Feb 10, 2026

The distributed key-value store that powers Kubernetes

Every Kubernetes cluster relies on etcd. It stores all cluster state - pods, services, secrets, everything. If etcd goes down, your cluster becomes a mess. But what exactly is etcd, and why is it such a critical piece of infrastructure?

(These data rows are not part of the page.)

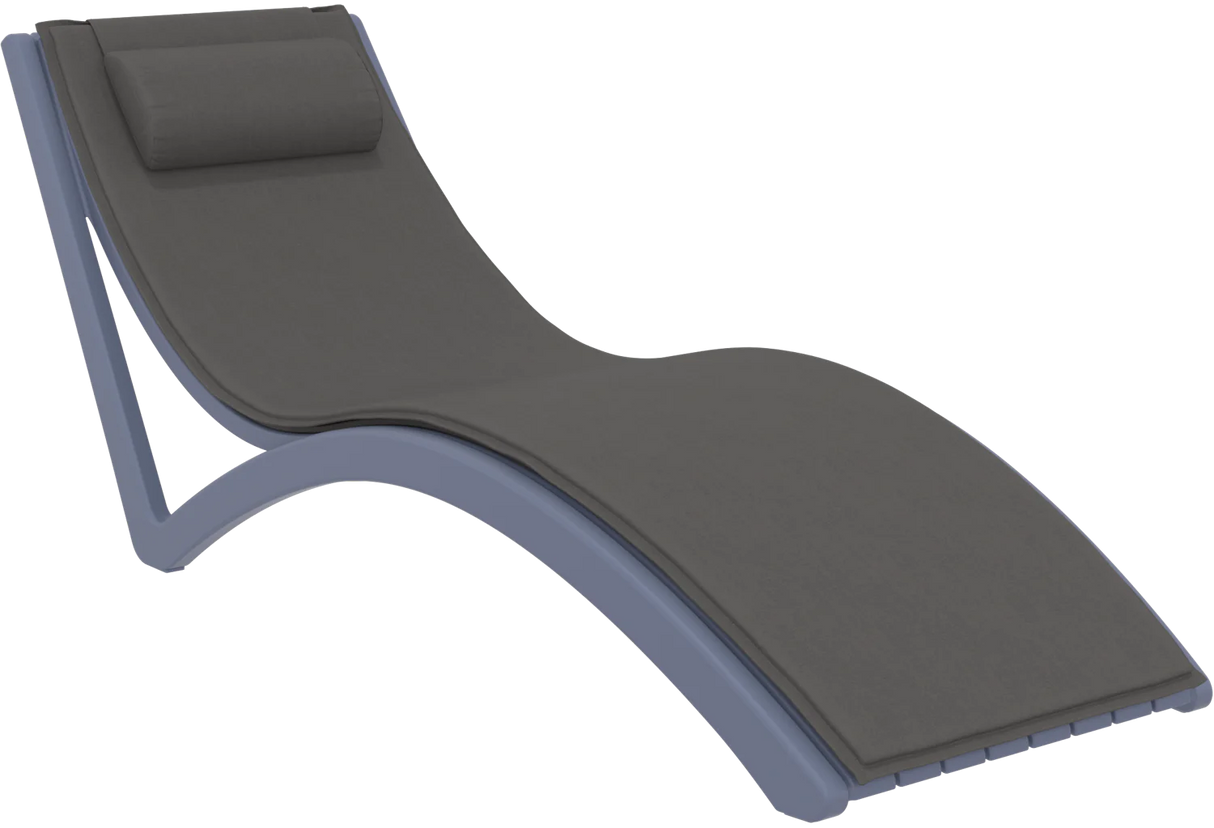 FL Slim Hospitality Stackable Sunlounger with Cushion & Pillow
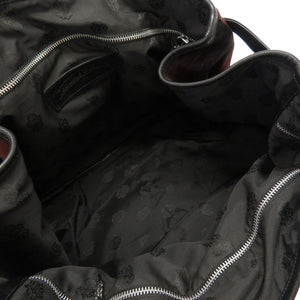 クロムハーツ フレアニー ハラコ レザー ボルドー トートバッグ バッグ 0077 【中古】 CHROME HEARTS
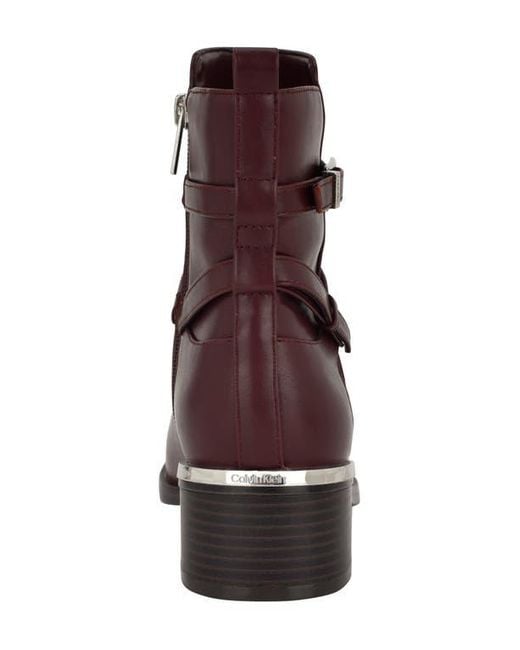 Calvin Klein Purple Jansen Bootie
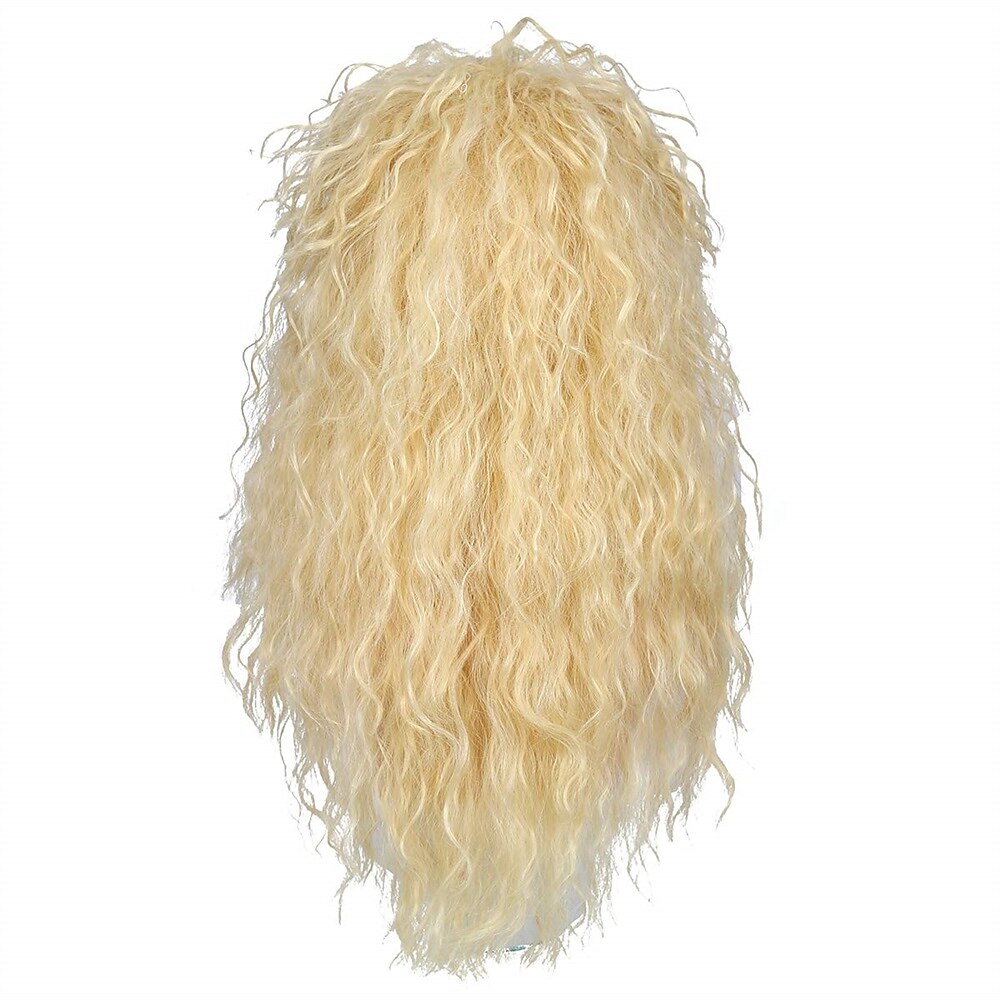 Parrucca Lunga Riccia Colorata Ground Mullet Stile Anni '80 per Donne (Solo Parrucche) Parrucca di Halloween del 2026 a $21.99 –P2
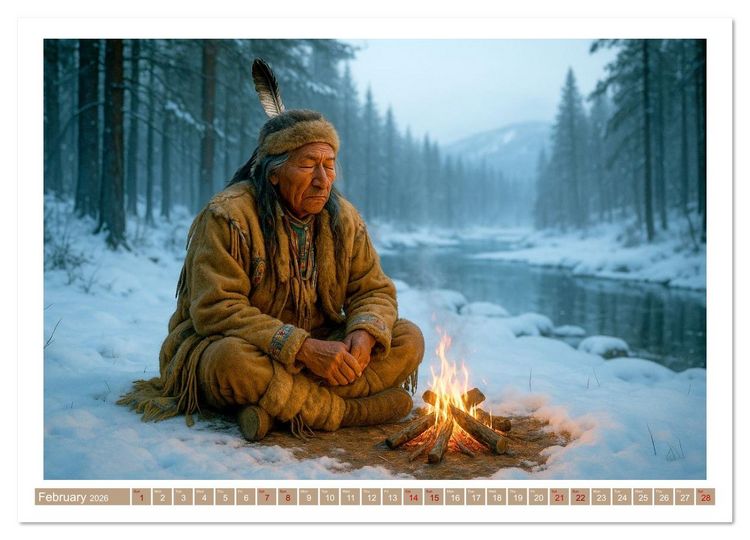 Produktbild: Spiritual Native American (Wall Calendar 2026 DIN A3 landscape), CALVENDO 12 Month Wall Calendar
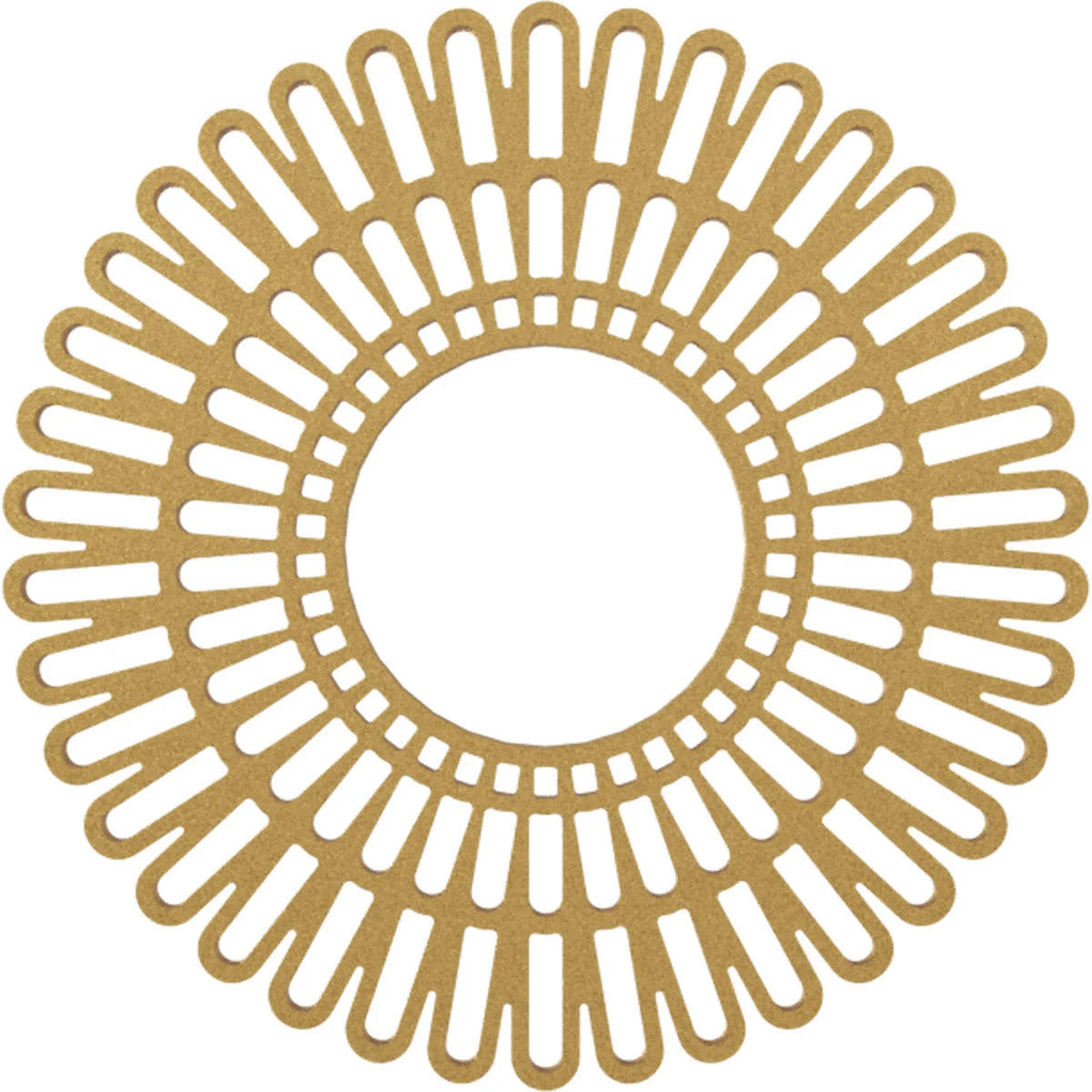 Gold PVC Pierced Ceiling Medallion U4487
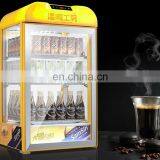 Супермаркетный нагревательный шкаф для молочных напитков, термошкаф, электрический инкубатор, витрина для нагрева молока, магазин бытовых нужд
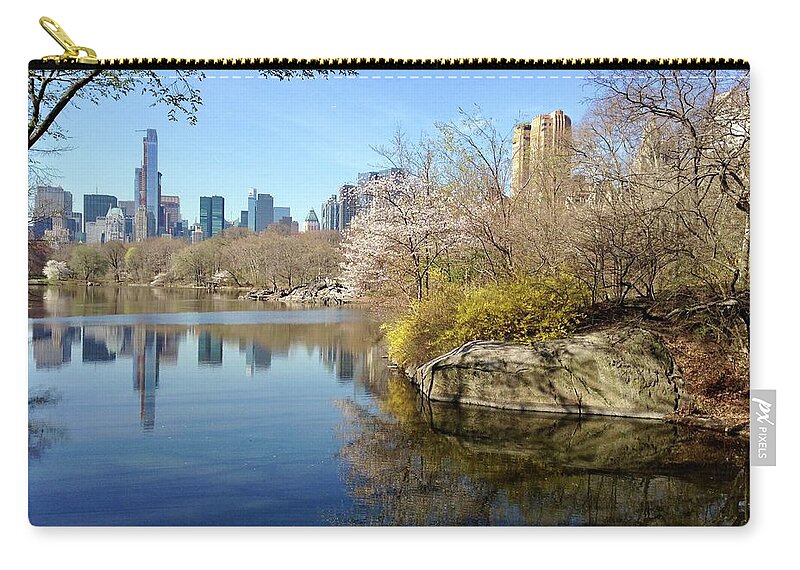  Zip Pouch featuring the photograph The Lake by Judy Frisk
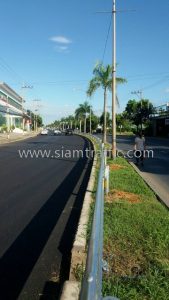 Guard rail w beam Chachoengsao to Samet Nua Chachoengsao Highway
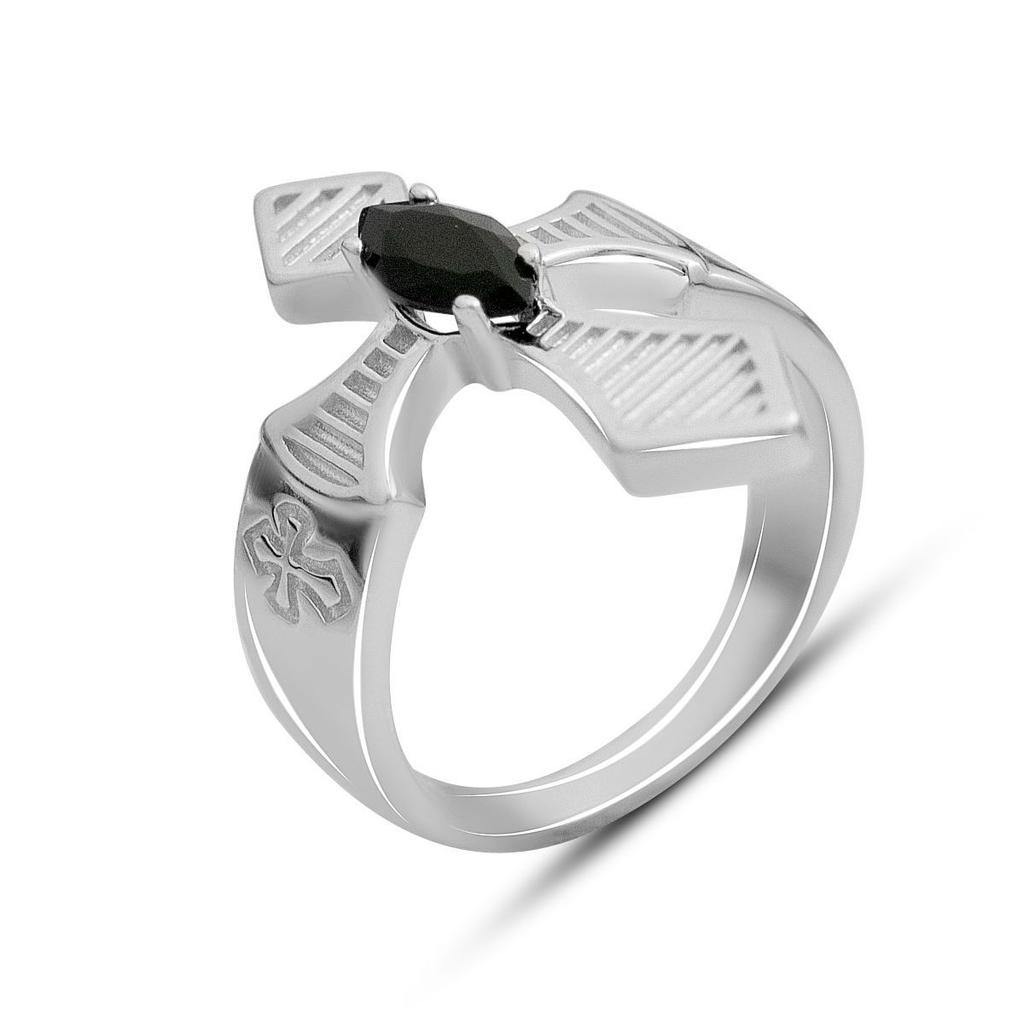 Silver Ring with Cubic Zirconia, Product Weight 5.39 G (2175643)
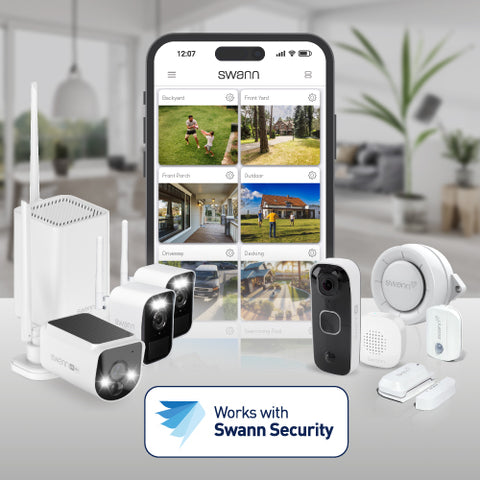 EliteX™ 6K/12MP NVR Security System with 4 Bullet Cameras | SWNVK-8EX412MPB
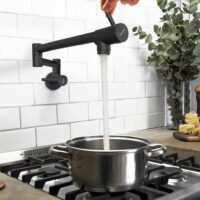 Monocomando Peirano para cocina Marbella Rebatible 52-121 Black - Imagen 2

Etcd is a distributed key-value store written in Go. It’s designed for the most critical data in distributed systems. The CNCF graduated it as a project, putting it in the same tier as Kubernetes itself.

What makes etcd special?

Etcd uses the Raft consensus algorithm to maintain consistency across nodes. This means even if some nodes fail, your data stays consistent and available.

The key features are:

Strong consistency through Raft
Watch functionality for real-time updates
Automatic leader election
Transactional operations (compare-and-swap)

If you’re building distributed systems in Go, understanding etcd is essential. The patterns it uses - consensus, leader election, distributed locking - appear everywhere in modern infrastructure.

Connecting to etcd with Go

Let’s start with a basic connection. You’ll need the official etcd client library:

package main

import (
	"context"
	"fmt"
	"log"
	"time"

	clientv3 "go.etcd.io/etcd/client/v3"
)

func main() {
	// Create a client connection
	cli, err := clientv3.New(clientv3.Config{
		Endpoints:   []string{"localhost:2379"},
		DialTimeout: 5 * time.Second,
	})
	if err != nil {
		log.Fatal(err)
	}
	defer cli.Close()

	ctx, cancel := context.WithTimeout(context.Background(), 5*time.Second)
	defer cancel()

	// Put a key-value pair
	_, err = cli.Put(ctx, "service/config", "production")
	if err != nil {
		log.Fatal(err)
	}

	// Get the value back
	resp, err := cli.Get(ctx, "service/config")
	if err != nil {
		log.Fatal(err)
	}

	for _, kv := range resp.Kvs {
		fmt.Printf("%s : %s\n", kv.Key, kv.Value)
	}
}

Notice how context is used throughout. Etcd operations can hang if the cluster is unavailable, so timeouts are crucial.

Watching for changes

One of etcd’s most powerful features is watching keys for changes. This is how Kubernetes controllers react to state changes:

func watchConfig(cli *clientv3.Client) {
	// Watch for changes to any key with the "service/" prefix
	watchChan := cli.Watch(context.Background(), "service/", clientv3.WithPrefix())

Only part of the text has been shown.